Quelle politique de l’emploi pour réussir la transition vers une économie bas carbone ? Telle était la question posée à Frédéric Souillot, secrétaire général de Force ouvrière, par le Shift Project, le laboratoire d’idées présidé par Jean-Marc Jancovici qui organisait, le 20 novembre, une journée consacrée à l’économie libérée de la contrainte du carbone, dont un atelier sur « syndicalisme et limite planétaire », auquel participaient également les numéros un de deux autres confédérations syndicales.
FO n’a pas attendu 2023 pour se préoccuper d’écologie puisque dès 1974, la feuille de route d’André Bergeron comportait un volet sur l’environnement et le cadre de vie a tenu à rappeler en préambule Frédéric Souillot. Le secrétaire général a souligné également qu’un groupe de travail confédéral sur le climat et l’environnement, réunissant les fédérations FO les plus concernées, a été créé en 2019. Ce groupe prévoit de publier un guide sur le sujet prochainement. Par ailleurs, une formation sur la base de données économiques, sociales et environnementales (BDESE) sera lancée en 2024 à destination des élus FO des comités sociaux et économiques (CSE), a-t-il encore indiqué.
Plus largement, Frédéric Souillot pointe plusieurs obstacles se dressent sur le chemin d’une économie bas carbone pointe Frédéric Souillot. Quand il y a transition [d’un secteur, Ndlr], cela se termine plus souvent à Pôle emploi qu’en formation, analyse le militant. Et de donner un exemple. Si l’État a accompagné le secteur de la sidérurgie lors de sa transition, ce n’est pas le cas actuellement pour les industries qui vont devoir faire leur transition écologique, déplore Frédéric Souillot.
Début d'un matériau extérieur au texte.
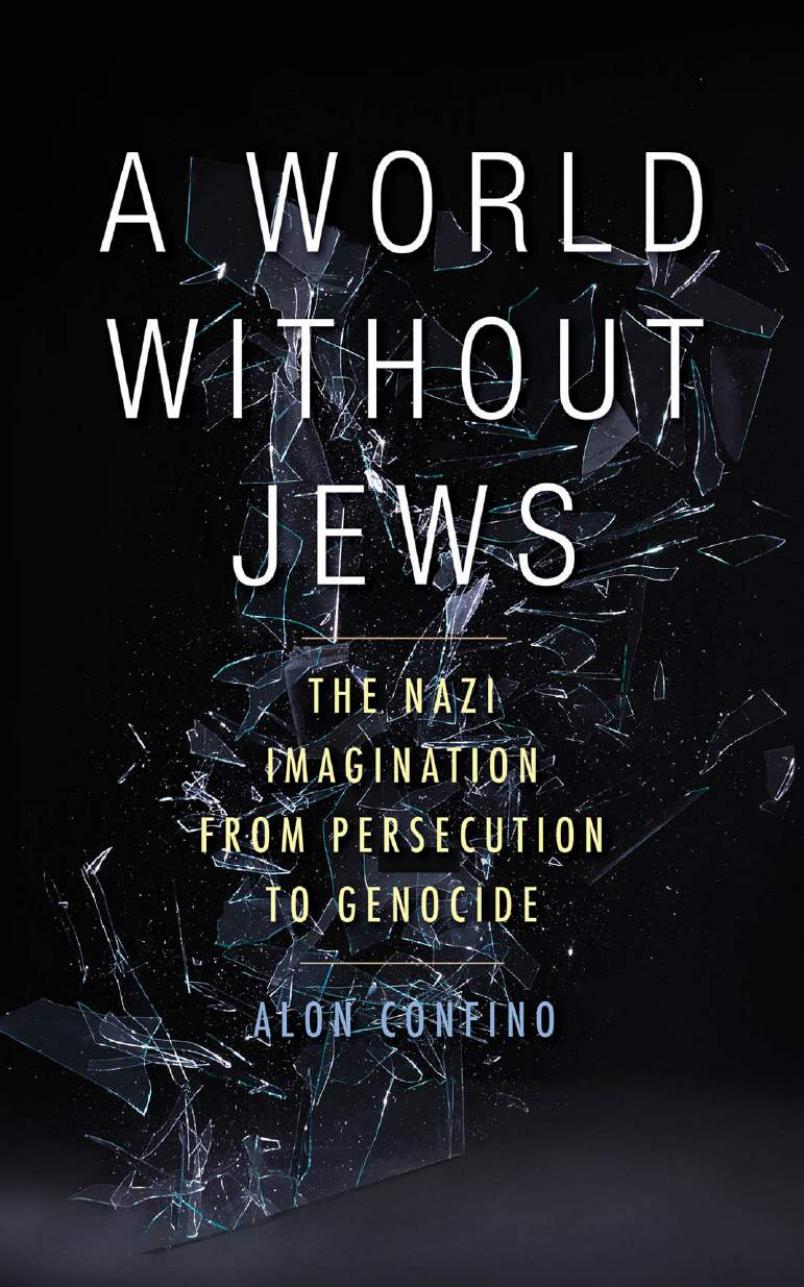 A World Without Jews: The Nazi Imagination from Persecution to Genocide by Alon Confino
Il prône une approche de long terme, Le contraire donc de la philosophie court-termiste en vogue en politique. A une époque, quand on se disait pro-nucléaire, on se faisait clouer au pilori, rappelle-t-il devant une salle qui semble partager ses constats. Le think-thank qui organisait ce débat considère en effet que l’énergie nucléaire, décarbonée, est une des solutions. Il a conçu un projet intitulé Plan de transformation de l’économie française, qui prévoit une relance de l’électronucléaire.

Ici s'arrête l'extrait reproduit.